▸ **Source data**:

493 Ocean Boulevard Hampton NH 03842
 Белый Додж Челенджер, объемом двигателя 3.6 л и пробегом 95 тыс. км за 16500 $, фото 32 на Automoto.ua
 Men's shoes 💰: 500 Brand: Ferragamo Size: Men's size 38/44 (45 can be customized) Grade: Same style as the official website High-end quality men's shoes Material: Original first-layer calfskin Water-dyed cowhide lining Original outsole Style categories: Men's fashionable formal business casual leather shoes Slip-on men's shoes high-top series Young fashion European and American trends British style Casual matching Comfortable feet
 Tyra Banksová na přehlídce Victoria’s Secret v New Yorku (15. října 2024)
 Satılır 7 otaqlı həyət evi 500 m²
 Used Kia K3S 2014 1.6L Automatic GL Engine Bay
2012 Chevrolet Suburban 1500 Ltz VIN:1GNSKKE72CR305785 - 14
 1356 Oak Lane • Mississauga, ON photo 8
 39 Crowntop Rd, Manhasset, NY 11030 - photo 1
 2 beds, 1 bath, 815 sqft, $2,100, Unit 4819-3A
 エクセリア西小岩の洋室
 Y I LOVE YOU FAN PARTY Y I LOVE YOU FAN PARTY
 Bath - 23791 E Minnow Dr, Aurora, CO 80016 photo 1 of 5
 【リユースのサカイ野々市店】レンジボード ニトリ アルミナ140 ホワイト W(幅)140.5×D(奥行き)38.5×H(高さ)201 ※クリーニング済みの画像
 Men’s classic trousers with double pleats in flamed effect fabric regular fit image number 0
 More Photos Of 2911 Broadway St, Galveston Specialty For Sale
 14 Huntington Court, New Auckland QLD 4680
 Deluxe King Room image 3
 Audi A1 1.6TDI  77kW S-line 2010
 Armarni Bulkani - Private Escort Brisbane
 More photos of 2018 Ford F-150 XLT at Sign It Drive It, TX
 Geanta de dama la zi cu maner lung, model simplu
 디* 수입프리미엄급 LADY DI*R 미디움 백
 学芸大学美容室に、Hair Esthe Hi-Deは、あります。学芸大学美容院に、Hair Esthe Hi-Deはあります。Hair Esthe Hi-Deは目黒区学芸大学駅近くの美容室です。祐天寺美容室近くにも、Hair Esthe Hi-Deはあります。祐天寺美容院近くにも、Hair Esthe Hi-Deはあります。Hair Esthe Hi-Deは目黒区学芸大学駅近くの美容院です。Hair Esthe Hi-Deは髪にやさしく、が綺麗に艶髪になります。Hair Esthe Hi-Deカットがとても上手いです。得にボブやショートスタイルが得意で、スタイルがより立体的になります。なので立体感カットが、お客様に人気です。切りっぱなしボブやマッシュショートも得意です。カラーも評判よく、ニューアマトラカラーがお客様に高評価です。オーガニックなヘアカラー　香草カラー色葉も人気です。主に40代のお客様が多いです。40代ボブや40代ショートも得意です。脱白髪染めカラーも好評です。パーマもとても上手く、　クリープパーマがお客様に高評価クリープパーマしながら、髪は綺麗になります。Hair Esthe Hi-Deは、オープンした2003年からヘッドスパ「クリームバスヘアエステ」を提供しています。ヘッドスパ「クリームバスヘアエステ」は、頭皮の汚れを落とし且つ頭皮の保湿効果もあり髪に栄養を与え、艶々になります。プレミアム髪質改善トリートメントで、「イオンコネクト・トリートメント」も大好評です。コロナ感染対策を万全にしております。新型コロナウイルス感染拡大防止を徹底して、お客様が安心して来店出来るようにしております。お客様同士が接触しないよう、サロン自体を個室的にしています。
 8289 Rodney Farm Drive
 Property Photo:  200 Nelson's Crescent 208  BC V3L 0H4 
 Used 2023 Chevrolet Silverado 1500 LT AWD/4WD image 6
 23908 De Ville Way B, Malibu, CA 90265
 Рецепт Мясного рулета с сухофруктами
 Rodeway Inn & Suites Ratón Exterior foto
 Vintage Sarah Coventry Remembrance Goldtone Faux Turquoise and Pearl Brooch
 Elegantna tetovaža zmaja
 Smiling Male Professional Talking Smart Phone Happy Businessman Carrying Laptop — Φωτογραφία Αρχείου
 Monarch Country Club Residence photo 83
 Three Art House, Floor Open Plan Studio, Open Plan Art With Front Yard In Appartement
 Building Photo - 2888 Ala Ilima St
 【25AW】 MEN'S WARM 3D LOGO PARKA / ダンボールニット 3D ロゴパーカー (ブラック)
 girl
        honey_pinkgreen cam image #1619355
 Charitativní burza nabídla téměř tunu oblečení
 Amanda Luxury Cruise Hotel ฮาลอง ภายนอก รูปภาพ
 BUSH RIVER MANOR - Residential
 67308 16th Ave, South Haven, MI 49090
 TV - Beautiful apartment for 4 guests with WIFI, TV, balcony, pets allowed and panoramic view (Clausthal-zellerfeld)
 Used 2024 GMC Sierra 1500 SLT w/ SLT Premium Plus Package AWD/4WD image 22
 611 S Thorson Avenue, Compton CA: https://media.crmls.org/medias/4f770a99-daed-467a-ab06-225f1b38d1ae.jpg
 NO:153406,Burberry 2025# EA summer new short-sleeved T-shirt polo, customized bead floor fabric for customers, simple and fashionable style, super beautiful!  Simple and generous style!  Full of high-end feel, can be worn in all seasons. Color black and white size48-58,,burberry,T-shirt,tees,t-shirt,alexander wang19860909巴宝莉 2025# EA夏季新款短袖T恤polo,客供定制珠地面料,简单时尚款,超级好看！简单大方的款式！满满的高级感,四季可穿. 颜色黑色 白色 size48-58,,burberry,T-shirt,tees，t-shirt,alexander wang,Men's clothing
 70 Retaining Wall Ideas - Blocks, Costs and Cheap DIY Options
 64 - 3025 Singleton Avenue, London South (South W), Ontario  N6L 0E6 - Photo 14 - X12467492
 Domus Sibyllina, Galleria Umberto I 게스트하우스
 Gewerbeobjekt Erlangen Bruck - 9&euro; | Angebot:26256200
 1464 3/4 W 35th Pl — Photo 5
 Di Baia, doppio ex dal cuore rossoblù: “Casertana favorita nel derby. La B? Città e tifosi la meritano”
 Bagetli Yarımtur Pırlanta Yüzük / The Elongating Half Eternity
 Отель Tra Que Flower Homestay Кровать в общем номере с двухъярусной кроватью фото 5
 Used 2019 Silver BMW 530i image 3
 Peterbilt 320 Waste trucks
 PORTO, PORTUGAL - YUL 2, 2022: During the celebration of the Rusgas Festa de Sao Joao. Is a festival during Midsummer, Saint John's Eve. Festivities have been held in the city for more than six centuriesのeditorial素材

▸ **Try it**: Tell how many lines in the entries above include the word "fabric", and respond with the number alone.

▸ **Solution to this task**: 2